On streamed video services such as Netflix and Amazon, titles typically have a finite availability window.

What happens if you are halfway through watching a movie at the point when it expires? Does it stop playing, or is there a grace period between when it’s removed from the catalogue, and when the stream is actually wothdrawn?

I have tried it on Amazon and it appears to be based on start time. As long as you start watching it before the window expires, it will let you finish as long as you don’t exit out. I am not sure what happens if you try to pause it for an hour after you start but I think that will work too. It seems that it is dependent on entering and exiting the movie.

I am not sure about Netflix but I assume that it works the same way because I have never heard of people getting cut off in the middle of movies due to timing alone.

Streaming videos are pre-downloaded (what is called “buffering”) to your device’s memory so odds are even if they cut it off halfway you might be able to finish.

Netflix only seems to buffer about a minute or so ahead. Perhaps this amount depends on the device but you’d have to be awfully close to done for buffering to matter.

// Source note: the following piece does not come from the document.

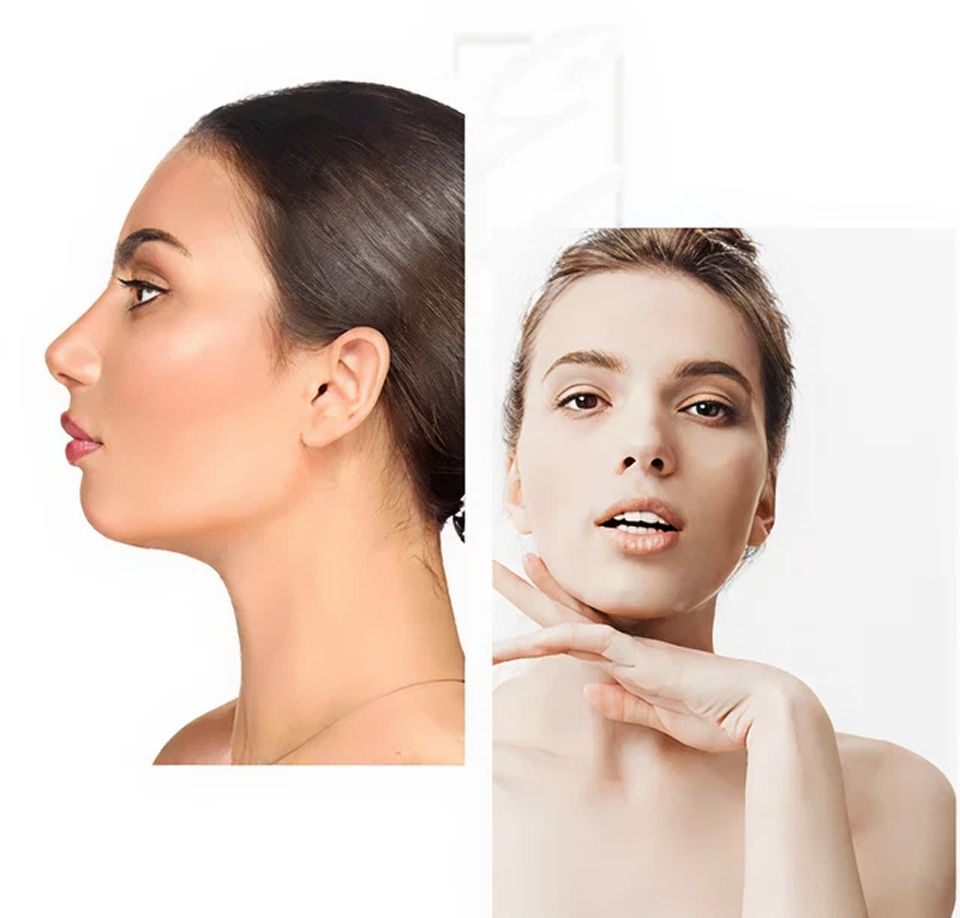 Two portraits of a woman, side profiles shown.
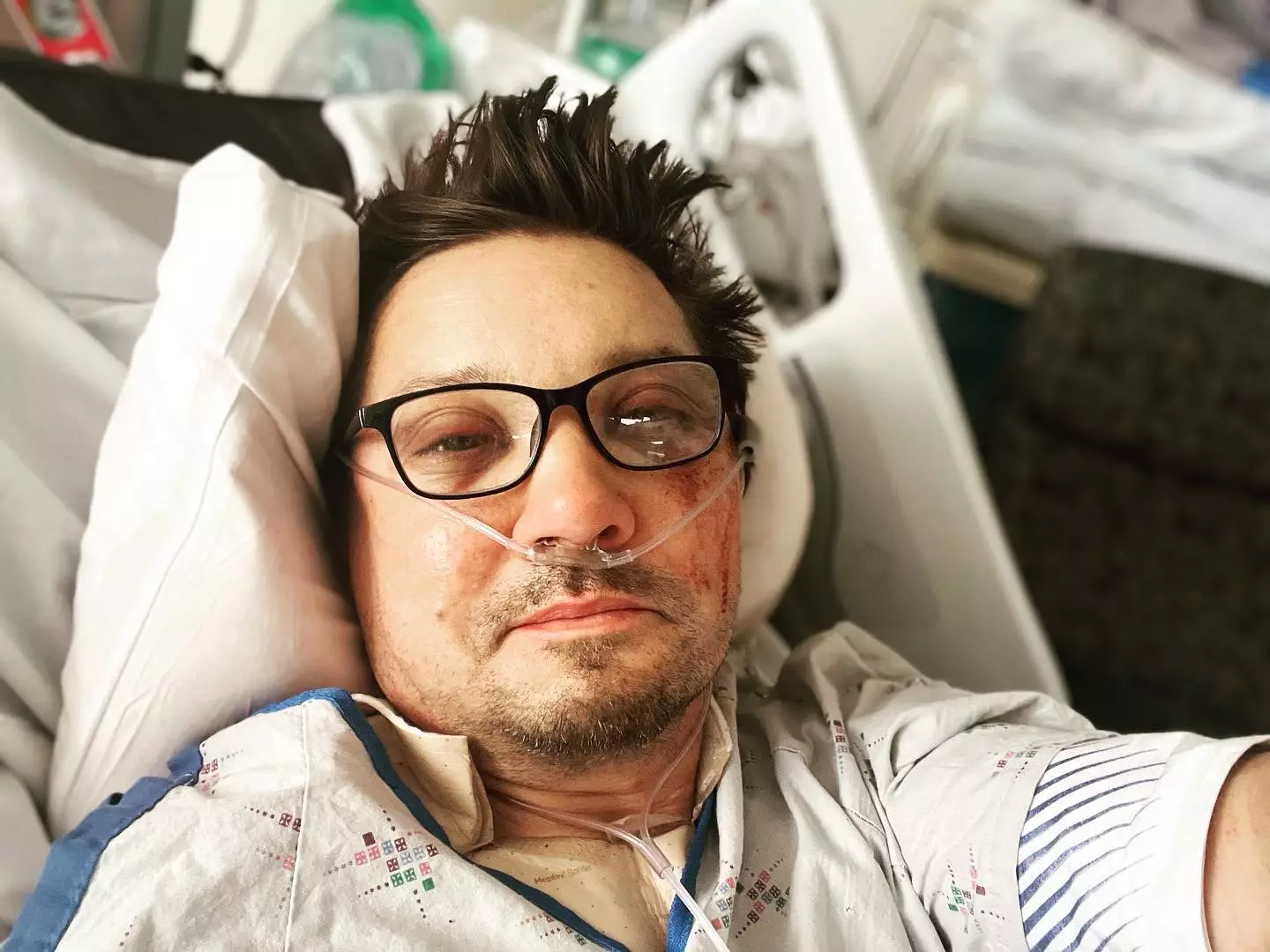 Jeremy Renner looked almost unrecognisable after the accident.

I don’t know what happens if you are watching it when the rights expire. I do know that if you start watching a movie in one country where Netflix offers it and try to finish it in a country where they don’t, Netflix won’t let you finish it. I just paused the movie without exiting the application. When I tried to restart the movie, the application seemed to try really hard for a couple of minutes to continue the stream and then it quit with a generic message like “title not found” or something. Maybe something similar would happen when the rights expire.

In most cases, your right to play a movie is authenticated at the start of play. After the movie starts playing, there’s no authentication happening, except that the movie might be encrypted. In that case the authentication negotiation gave your player the key to decrypt it. There may be some forms of DRM that do authentication during play back, but I’m not aware of any.

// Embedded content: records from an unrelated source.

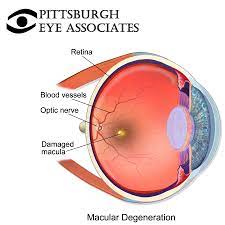 Macular Degeneration - Pittsburgh Eye Associates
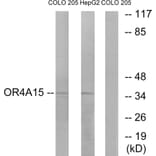Western Blot - Anti-OR4A15 Antibody (G579) - Antibodies.com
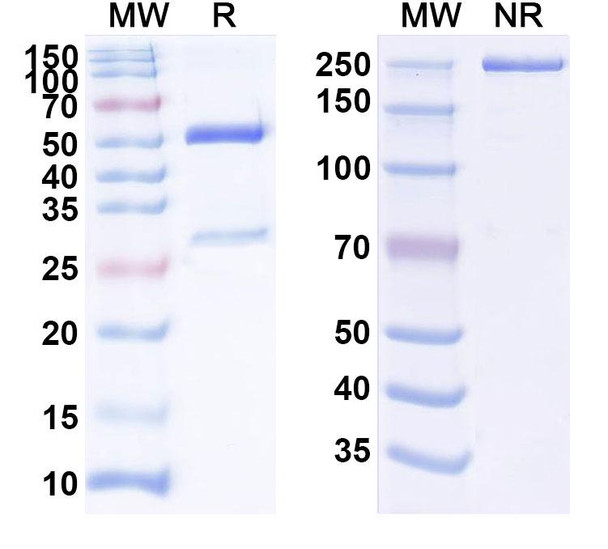 Human IFNAR1 (QX 006N) Antibody - SDS-PAGE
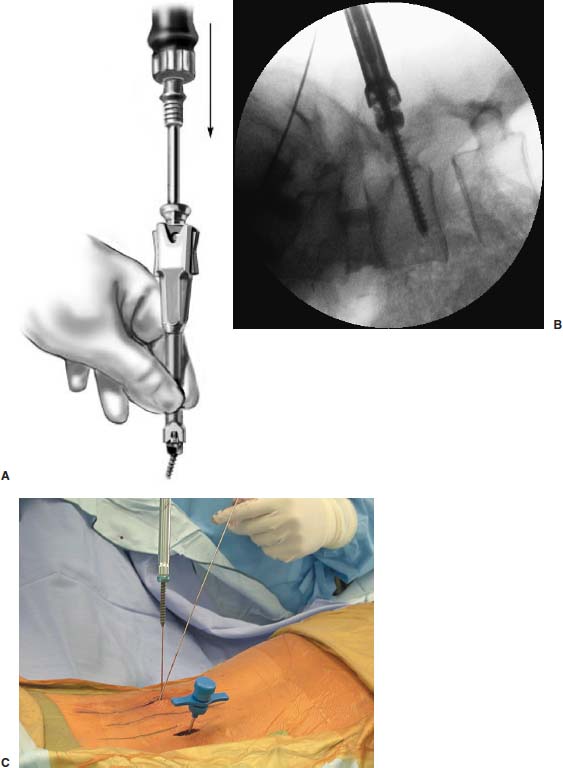 FIGURE 23–8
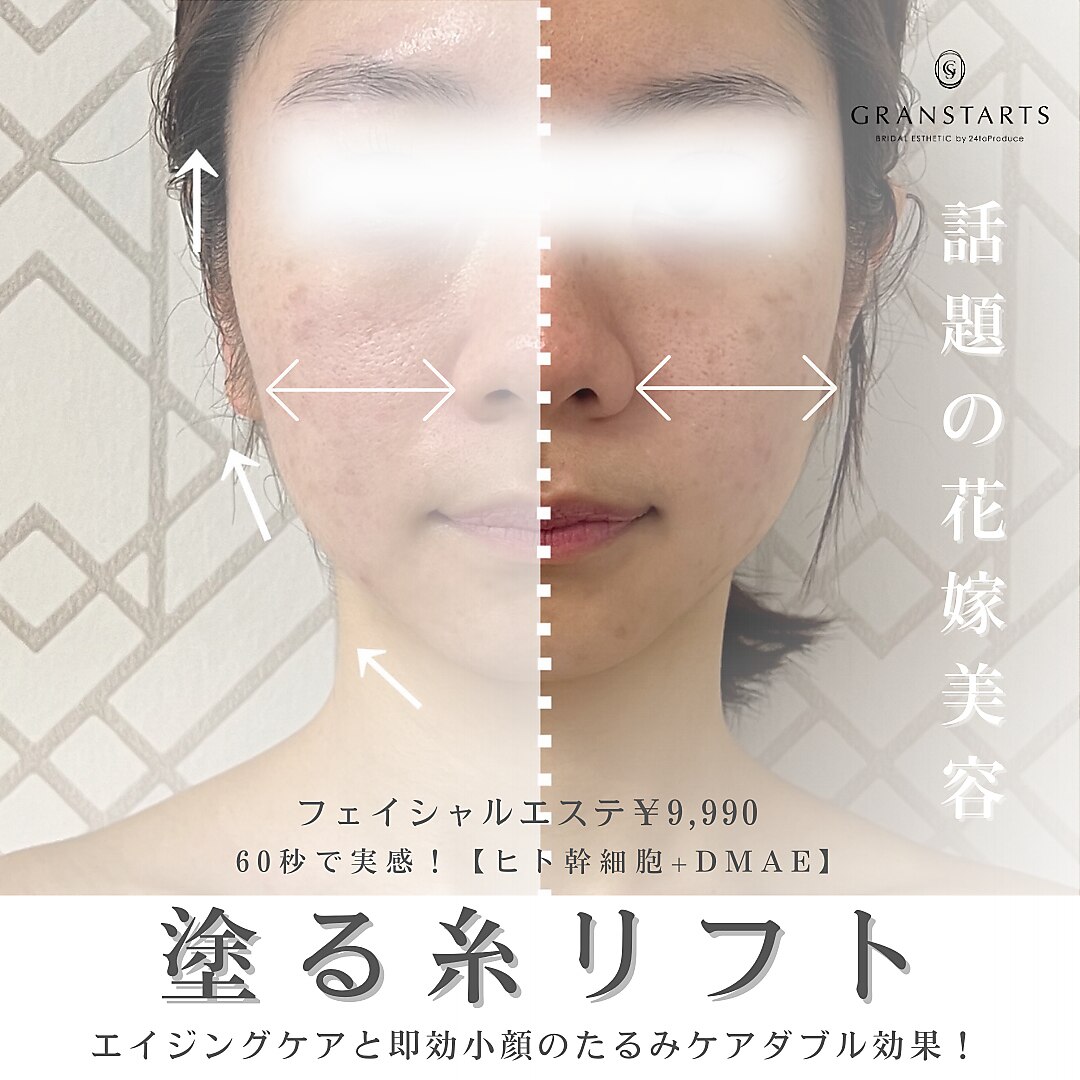 こばみぃ様 専用ページ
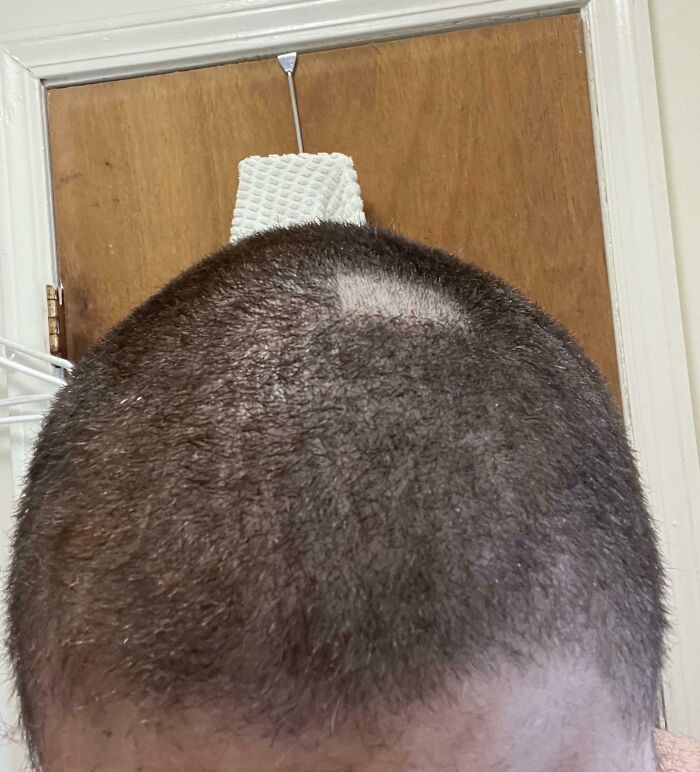 Primer plano de una cabeza con corte de cabello mal hecho, mostrando consecuencias de olvidar algo importante.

The provider may also simply remove the files from their servers when the movie expires, but I doubt that anuone tries to time it so closely that it would be removed within a hour or two of expiration. But if that happened of course your playback would stop.

It would be terribly inefficient for the provider to maintain a separate copy of the movie for every customer. But in any case, for many computer file systems, removing the file doesn’t prevent it from being read by programs that already have it open.

Indeed. But if you thought that I was suggesting such a thing, you misunderstood me. I’m referring to the content provider (eg. Netflix) removing the video files from their CDN / edge servers.

Again true. But most streaming providers are no longer using single-file containers like MP4 anymore. They use adaptive streaming protocols, which usually split the video file into hundreds of short (a few seconds) segments, each in its own file, with its own URL. If all the segment files were removed, even using a filesystem that doesn’t delete files until the last close, you would only be able to finish playing the few seconds remaining in the current segment.

That’s not a file system thing, BTW. It’s a file system driver thing. Linux will not delete until the file is not in use on every filesystem, including FAT32 and NTFS. Windows will, on the other hand, just refuse to delete the files until it is no longer in use. (And if you bypass this and delete the file anyways, it is effectively deleted out from under the program.)

Yeah, unfortunately engineers use “file system” to mean two related, but completely different things – the data on the disk, and also the code that accesses that data. I (and psychonaut I presume) were using it in the latter sense. (And there’s also the religious war about whether it should be “file system” or “filesystem”.) “File system driver” seems to be a term mainly used in reference to Microsoft systems. In my experience (30 years of working on file systems), file system code on Linux and other systems is rarely referred to as a “file system driver”; it’s just a “file system”.

Sometimes my cable company will have a free preview weekend for HBO or Showtime (in fact, Showtime is this weekend). If it ends on Monday at midnight, to extend it for a day I’ll start watching episodes on the On-Demand channel, watch a minute or two and then stop it, which starts a 24-hour timer to finish watching it from “My Rentals”. Like said above, if you start watching right before the 24-hour period is up, you can continue watching as long as you don’t exit (pause still works).